Benaltristi di strada

[di Ernesto Giacomino]

M’immagino se qua da noi, ogni tanto, le proposte o le lagnanze si potessero esternare a voce a un ufficio preposto, comodi e con un tot di tempo a disposizione, anziché inoltrarle con questo meccanismo freddo e asettico del protocollo. Come dire: umanità contro burocrazia, dialogo contro automatismi. Convivialità contro formalità.

Tipo che ecco, ti presenti dal funzionario addetto, dici “ehm, sarei qui per protestare contro la carenza d’illuminaz…”, e lui che t’interrompe subito, sfoglia un’agenda, fa un sorrisino complice e risponde: “certamente, il novantesimo compleanno di mamma’, come no, possiamo presenziare tranquillamente. Con o senza selfie per i social?”. Allora pensi d’esserti spiegato male, o che magari l’argomento per qualche motivo è fuori dalla sua competenza ma ha remore ad ammetterlo, per cui lo incalzi con altro: “ok, fa niente, passiamo al secondo problema, sono anni che ci promettete una diffusione capillare della videosorveglian…”, e qua lo vedi proprio annuire forte, quasi in preda all’estasi, tipo che si mette in piedi e comincia a passeggiare leggiadro per la stanza dicendo “capita nel posto giusto, per gli anniversari delle associazioni abbiamo il pacchetto completo, post con breve storia dalla costituzione a oggi, biografia dei fondatori, brindisi con la sindaca e lettura integrale dello statuto”. Ché a quel punto ormai sei totalmente fuori fase, pensi a uno scherzo, mandi lo sguardo in giro a stanare la videocamera nascosta della candid camera. Per cui: “scusi”, gli fai, “io sto qua a parlare di problemi concreti, che ci azzeccano cerimonie e festeggiamenti?”, ed è tipo averlo ferito a morte, ti guarda proprio con la faccia delusa dell’artista incompreso, fa una smorfia addolorata: “Problemi? Questi sarebbero problemi? La viabilità, la sicurezza, il decoro urbano, la qualità dell’aria? Ma queste tutt’al più sono appendici, apostrofi rosa tra la parola t’onzo.
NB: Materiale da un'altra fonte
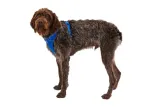 ruffwear-front-range-harness-szelki-dla-psa-blue-pool-xs-stan-nowy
I veri problemi sono altri: i cantanti locali che senza di noi non si filerebbe nessuno, l’encomio solenne alla trippa al sugo del ristorante più antico della città, le lodi istituzionali al figlio dell’avvocato arrivato alle semifinali rionali di acchiapparella”. Me l’immagino fermarsi, poi; aprire un cassetto, tirare fuori un groviglio di targhette colorate tipo mazzetta da imbianchino, dire: “ecco, vede queste? Belle, vero? Ne prenda una, la regali a chi vuole. Sono cittadinanze onorarie, stanno andando alla grande. Per dire: ne abbiamo appena data una a Scipione l’Africano, e un’altra a Trapanarella cu ‘o trapanaturo trapana ‘a notte e ‘o juorne pure. Ah: una pure a Frida Kalo, che è un articolo che tira sempre”.

E là, non lo ammetteresti mai, ma sotto sotto ha cominciato a convincerti. Perché in fondo a che servono efficienza e vivibilità cittadina, se poi il Comune non presenzia al diploma di aiuto barbiere del nipote di tuo cugino. Ti dici allora che ci penserai, ti congedi da quel funzionario accennando al grattino del parcheggio prossimo a scadere; e fai giusto in tempo a sentirlo mentre ti rassicura: “tranquillo, non si precipiti, abbiamo dislocato tutti i vigili al bivio dell’Aversana. Ché non ha idea, lei, di quante bici di marocchini girino col battistrada sotto il minimo legale”.